MD: Patients shouldn’t be considered financial drain

Apr 21, 2008

The Chronicle-Herald

Patients should be put at the centre of the health-care system, not considered a drain on finances, the head of the Canadian Medical Association says.

That could be done by fostering competition between health facilities, but without handing care over to private providers, said Vancouver orthopedic surgeon Dr. Brian Day, whose election to the Canadian Medical Association presidency was controversial because he operates a private surgical clinic.

”I think the days of governments just pouring money into the system without a requirement of productivity - that was a failed strategy,” he told the editorial board of The Chronicle Herald Friday.

Dr. Day said when a hospital or health district is provided a block of operational funding once a year, it has no incentive to be efficient.

In fact, performing more surgeries could be seen as costing a hospital money and resources are rationed, leading to long waits for treatment.

In January, a Canadian Medical Association report said long waits for four types of surgery drained $14.8 billion from the economy last year.

It said Nova Scotia loses $3,535 in tax revenues a year for each incapacitated person waiting for longer than acceptable standards for orthopedic surgery.

In December, Capital district health authority officials reported there were 3,700 people waiting for orthopedic surgery in the area. The average wait time is about 18 months, well above the 90-day medically acceptable benchmark.

”We’re actually in this perverse position of paying to keep people on wait lists,” he said.

Those people often require drugs and physiotherapy while they wait and their health declines, Dr. Day said.

”Their muscles are wasting, their joints are getting stiffer, they might fall down and break something,” he said. “And then when they do get their surgery a year or sometimes two years later their results are not as good; they take longer to rehab. This is silly.”

Dr. Day said Canada is one of the last developed countries to adopt a system he calls “patient-focused funding.”

A model adopted in the United Kingdom saw medical services assigned a value and patients free to choose where they went for care. The government has made a guarantee that by December of this year, no patient will wait more than 18 weeks between their first visit with a general practitioner and when they receive treatment.

Dr. Day said this system encourages hospitals to be efficient, provide high quality care and tackle problems like in-hospital infections in order to attract patients.

He said the country is well on its way to meeting that wait time guarantee.

British Columbia announced a pilot project to test a patient-focused funding system earlier this year.

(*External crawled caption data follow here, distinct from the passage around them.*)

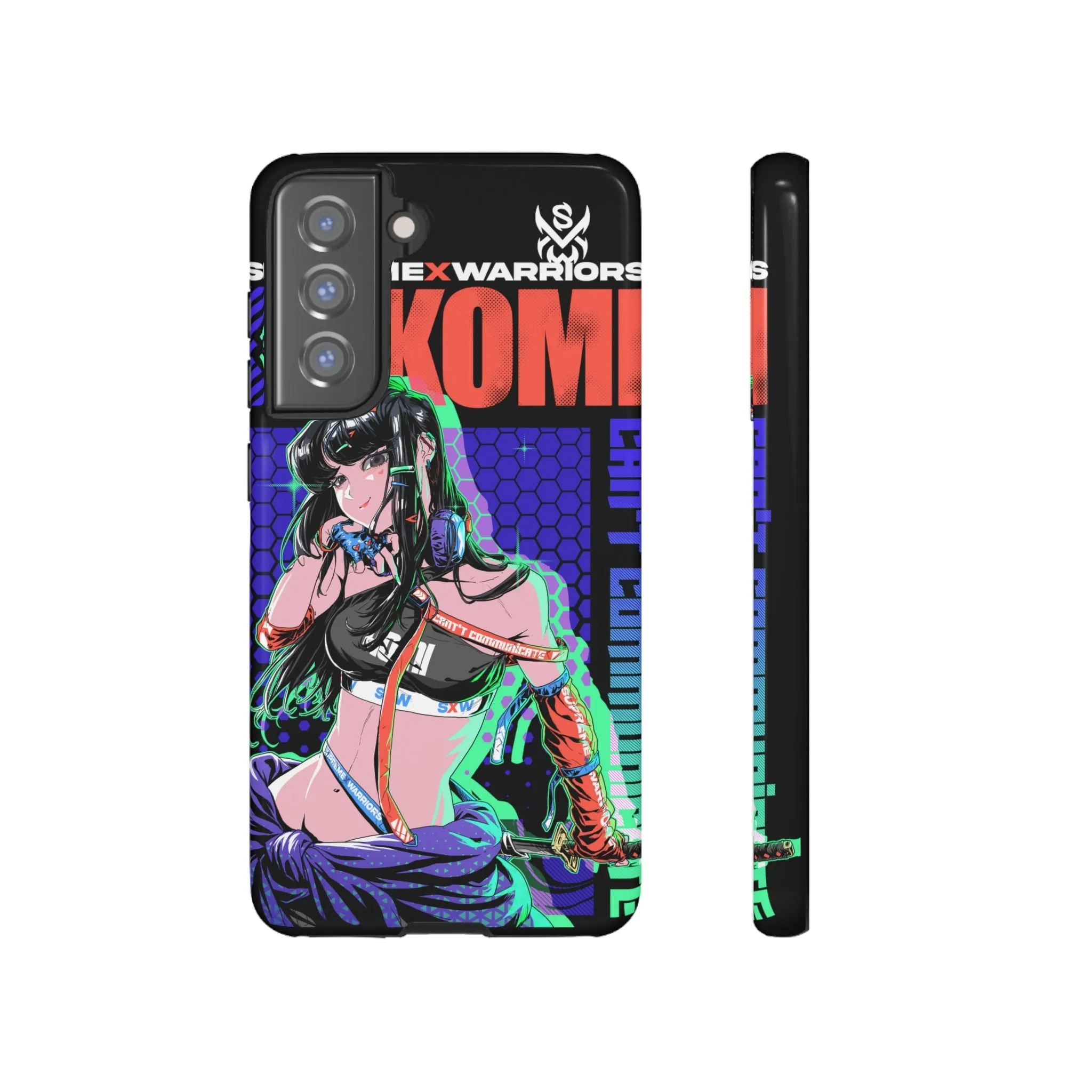 Komi / Samsung Galaxy Cases - LIMITED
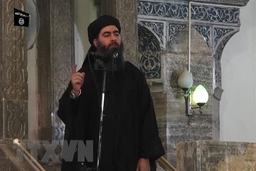 Tổng thống Erdogan: Thổ Nhĩ Kỳ bắt được vợ của al-Baghdadi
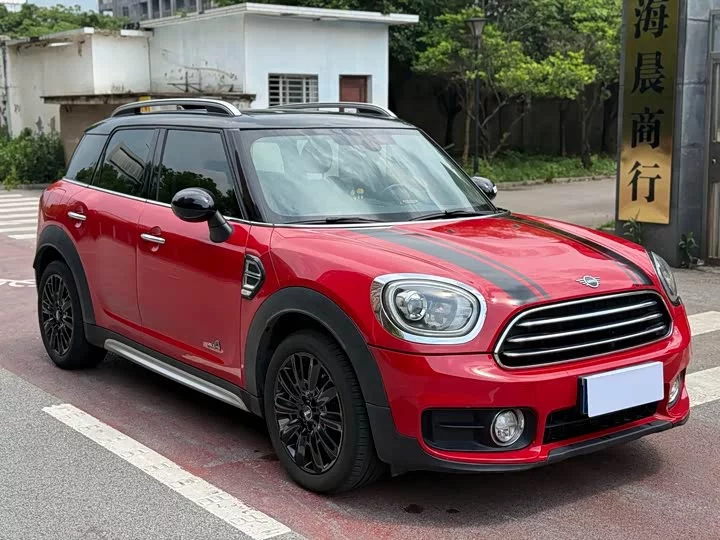 MINI COUNTRYMAN
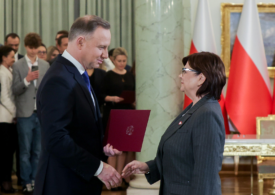 Izabela Leszczyna powołana na urząd Ministra Zdrowia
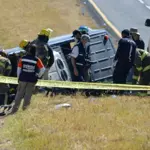 Ivory Coast road accident killed 13 people and several injured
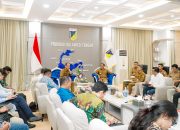 Pemprov Sulteng Tetapkan Pergub Nomor 15 Tahun 2025 Tentang Kenaikan Pajak Air Permukaan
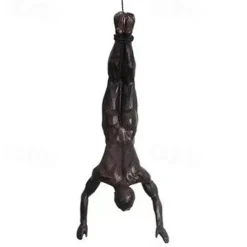 Wall Art Resin Hanging Sculptures - Suitable for Living Room, Bedroom, Or Corridor - No Feathers, No Electricity Required - Ideal Gift for Modern Art Lovers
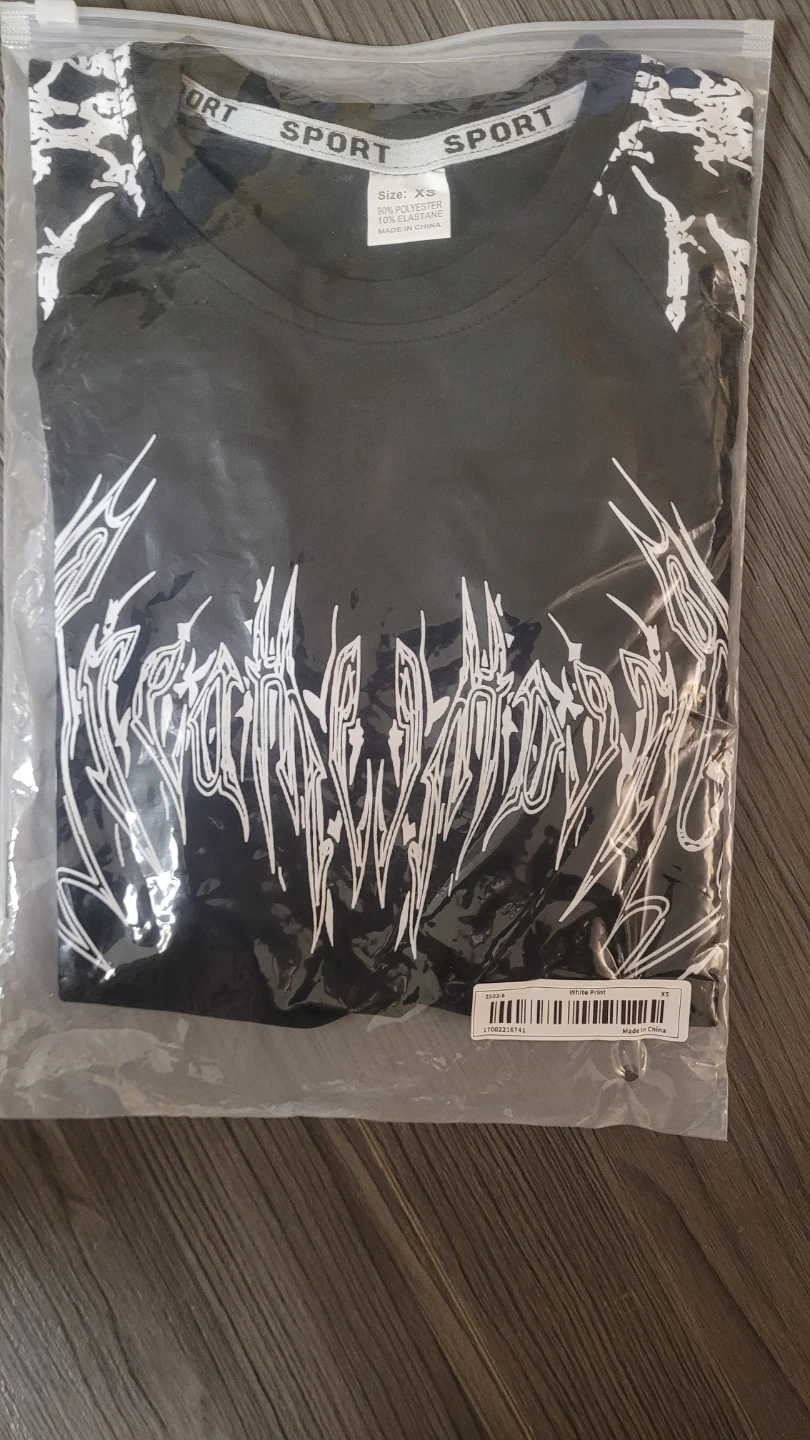 Breathe Divinity XS Compression Shirt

Critics say the U.K. experience hasn’t been a total success, noting the proportion of the health budget spent on administration increased as hospitals were forced to track costs meticulously and devote more time to paperwork.

Dr. Day said there is an initial cost to clear the existing queues, but the return on investment is huge. And the quick turnaround should be appealing for a political leader with vision who wants to see the results of a policy change within a single mandate.

He said the Nova Scotia government’s recent move to pay for 500 minor orthopedic surgeries at a private Dartmouth clinic is an example of patient-focused funding that could be duplicated in other parts of the health-care system.

Dr. Day said the public/private distinction is an arbitrary one that clouds debate: drugs and ambulance services are medically necessary, but privately purchased in Canada.

Doctors Nova Scotia president Dr. Don Pugsley said that as a family physician, he’s been providing private care for 30 years.

But he said politicians concerned about electability, will not engage in real debate on health care.

”In the Canadian model, and in the Nova Scotia model, if all of the political parties are only speaking to their own constituency, how can we move ahead?” Dr. Puglsey said. “Where we have three parties that are relatively equal, we’re going to be in a situation of constant two against one.”